By comparison, today membership of the CII is open to anyone connected with insurance or financial services, including students intending to join the profession.

As of September 2018, the CII has over 120,000 members across 150 countries. Over 10% of members are based outside of the UK.

There are eight levels of membership:

  • Ordinary: individual members who do not hold a CII qualification.
  • Discover: exclusively for secondary school and college teachers and students in the UK and students enrolled on full-time degree courses at UK universities.
  • Society of Mortgage Professionals (SMP) Ordinary: automatic membership for members of the SMP with the designated mortgage qualification.
  • Certificate: individuals with one or more certificate-level CII qualifications.
  • Diploma: holders of the CII Diploma in Insurance.Designated by the letters "Dip CII".
  • Advanced Diploma: holders of the CII Advanced Diploma in Insurance. Designated by the letters "ACII".
  • Fellowship: holders of the highest CII qualification. Designated by the letters "FCII".
  • Chartered: professional title awarded to members who hold either the Advanced Diploma or Fellowship and have a minimum five years’ industry experience.

Local and affiliated global insurance institutes

Every CII member in the UK, the Channel Islands, and the Isle of Man is automatically a member of one of 58 local institutes. There are an additional seven associated institutes in Gibraltar and the Republic of Ireland. Members outside of the UK have the option of membership in one of 70 affiliated global insurance institutes.


A strong desire to form a central Insurance Library in London existed before the Charter incorporation in 1912. The objectives of the then Insurance Institute of Great Britain and Ireland included ‘to encourage the study of all subjects bearing on every branch of insurance, and to form a Library for the use of members’. These objectives were then written into the 1912 Charter as the obligation for the CII to maintain a library of resources related to insurance for the benefit of its members. However, it was not until the opening of the Insurance Hall in 1934 that the Chartered Insurance Institute Library was established. Prior to that date, federated Insurance Institutes maintained insurance libraries across the UK and Ireland.

The CII Library was initially run in conjunction with the Insurance Institute of London library. The original intention was to run both libraries side by side, the London Insurance Institute Library as a lending library for members of that institute and the Chartered Insurance Institute Library as a reference library for all members.
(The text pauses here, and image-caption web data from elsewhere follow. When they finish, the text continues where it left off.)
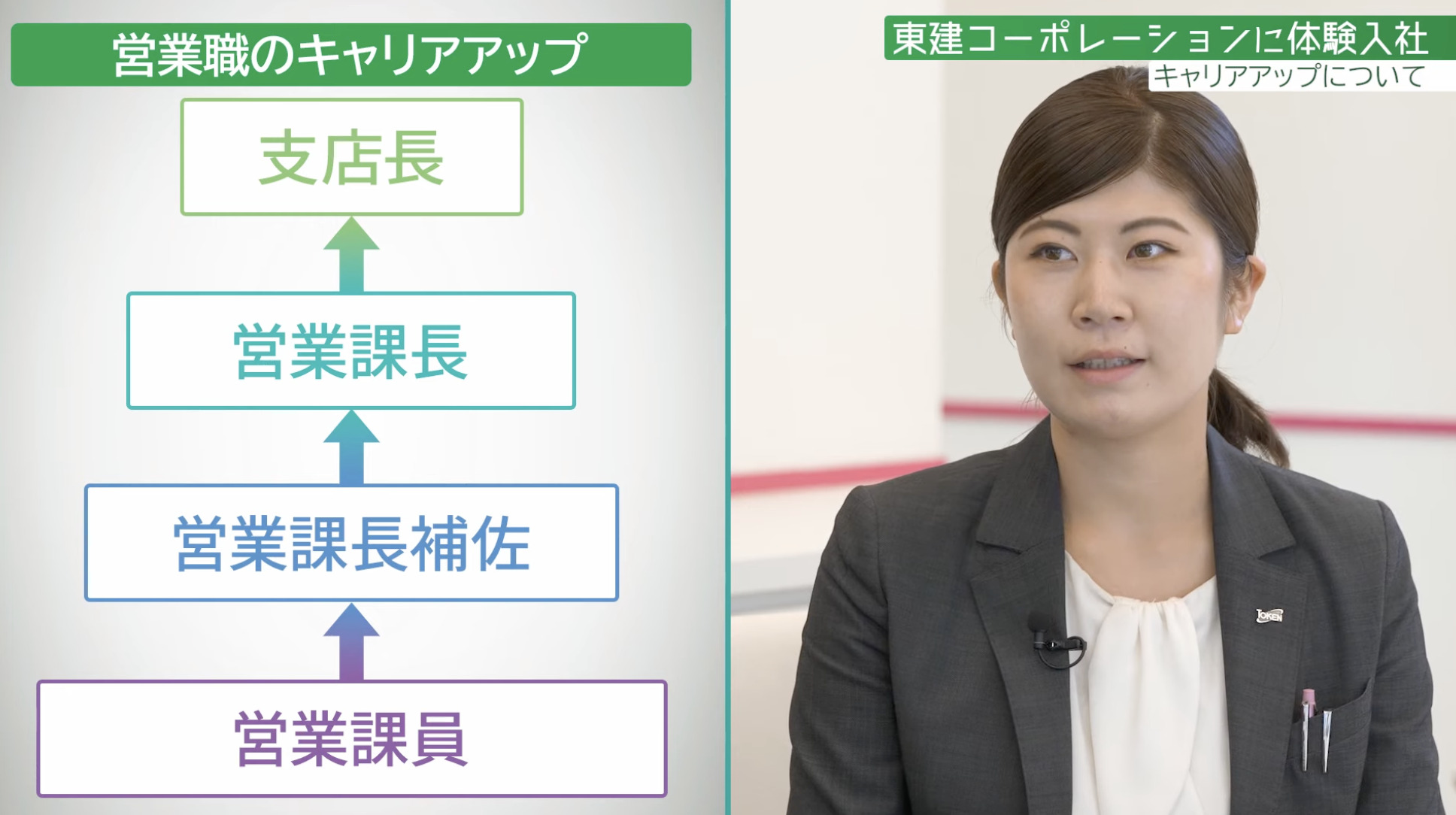 【課題③】東建コーポレーション｜採用動画導入事例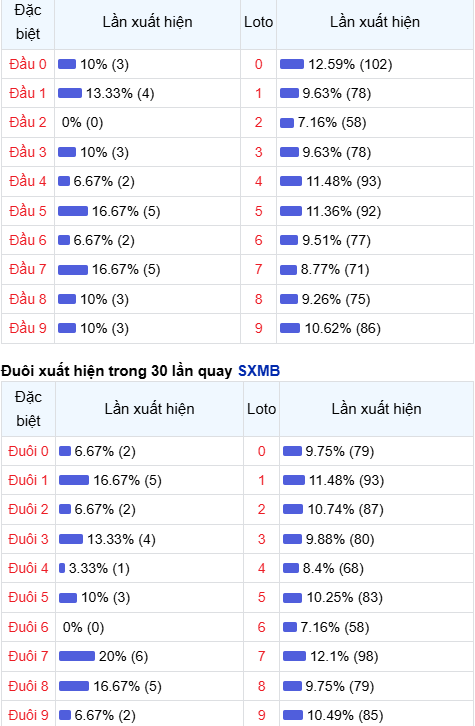 Thống kê đầu - đuôi lô về nhiều trong trong 30 ngày qua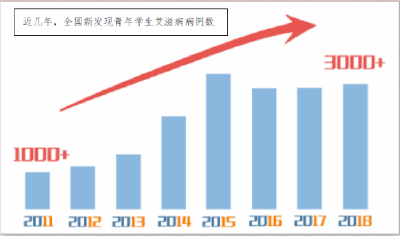 开学季，要爱也要防“艾”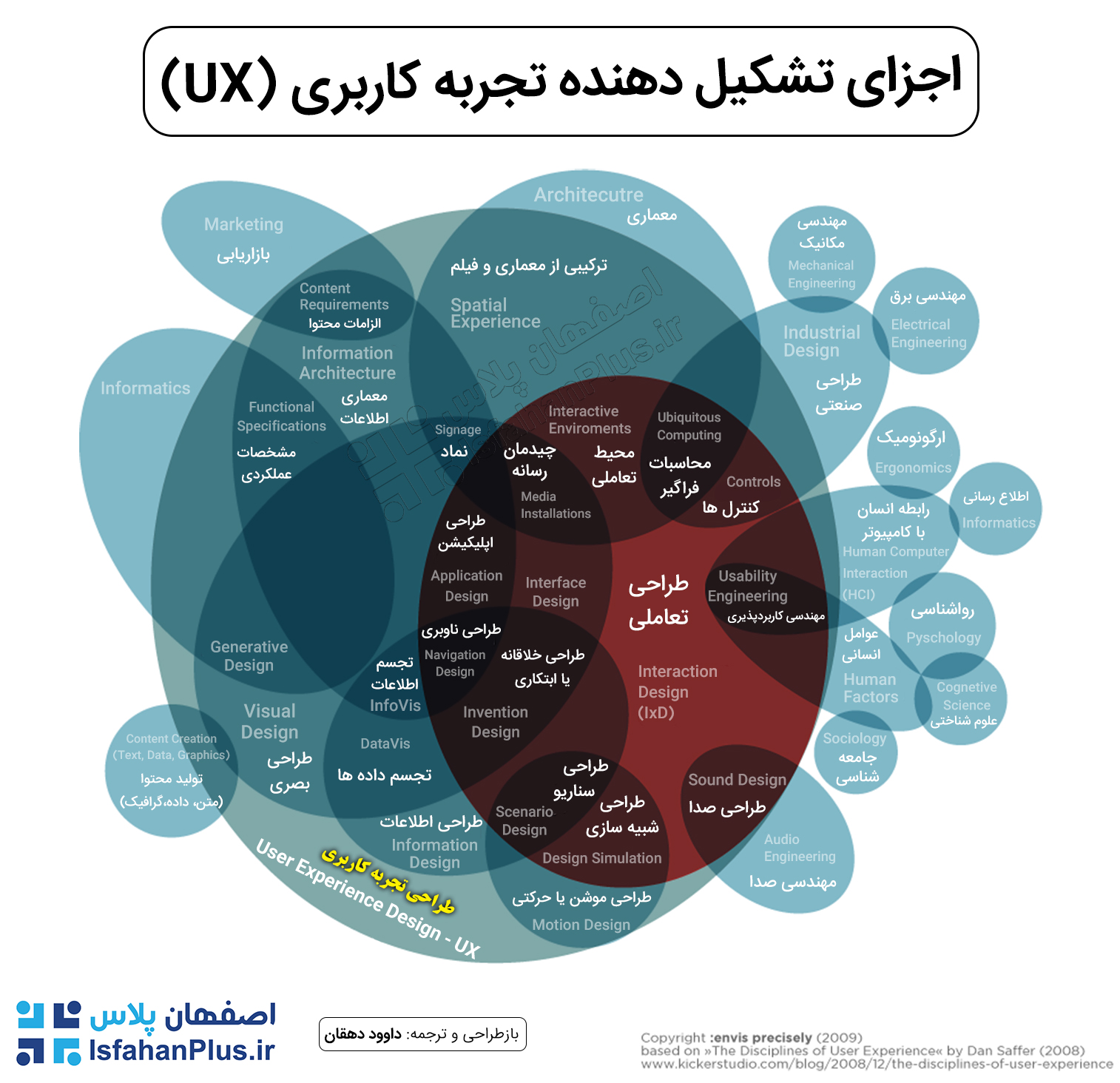 اجزای تشکیل دهنده تجربه کاربری (ux) + اینفوگرافیک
Both libraries eventually merged into one single Library that now acts as a central lending library and knowledge service for all members.


The Museum has existed since the opening of the Insurance Hall in 1934. It currently occupies a small space on the second floor. It is dedicated to the history of the four main classes of insurance, with a special focus on fire insurance and the history of fire fighting. Early insurance policies and other artefacts from the Chartered Insurance Institute's special collections are on display. The Museum originally exhibited a 19th-century fire brigade engine which is now housed at the American Museum in Bath.

In 1934 the illustrator C. Walter Hodges painted a frieze that surrounds the four walls of the museum area, depicting allegories of marine, fire, accident and life insurance. The Insurance Hall is designated as a Grade II listed building, in part due to these murals.

The CII also exhibits a large collection of over 1,500 fire marks which were bequeathed to the CII by several different donors.